11 Apr 2011
In collaboration with the Next Generation Infrastructures project 'Exploring the international dimensions of infrastructures: A historical perspective', Andreas Kunz and Hans Buiter have recently published “European Communications and Transport Infrastructures: Performance and Potentials, 1825 – 2000, a Digital Atlas.” The atlas is available at http://www.atlas-infra.eu/. Researchers may use the maps for bona fide scientific purposes.
Long-term infrastructure dynamics
Infrastructures are long-lasting material structures that typically remain in function for decades. As infrastructure researchers we are mostly occupied with future developments. Yet to better understand likely future outcomes, we sometimes need to shift gaze and look at the long-term legacies of the past. To uncover such lasting remnants of the past, Andreas Kunz and Hans Buiter have taken up the challenge of exploring European communication and transport infrastructures and the flows they have supported in the 19th and 20th centuries, as part of the ESF-funded project ‘Inventing Europe: Technology and the Making of Europe 1850 to the present.’

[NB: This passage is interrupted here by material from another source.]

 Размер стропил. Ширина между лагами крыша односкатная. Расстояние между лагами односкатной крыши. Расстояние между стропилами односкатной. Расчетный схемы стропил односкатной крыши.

Exploring the international dynamics of infrastructures
The atlas is in part based on data collected and cross-checked as part of the Next Generation Infrastructures project ‘Exploring the international dimensions of infrastructures: A historical perspective’. The end result constitutes an easy to use tool portraying the developments of several main communication and transport networks over a long time-span as well as the cross-border flows that have made use of them. It makes clear that the infrastructured character of our lives today has deep roots in the past, and demonstrates the tremendous growth in transnational networks and their use from 1825 until today.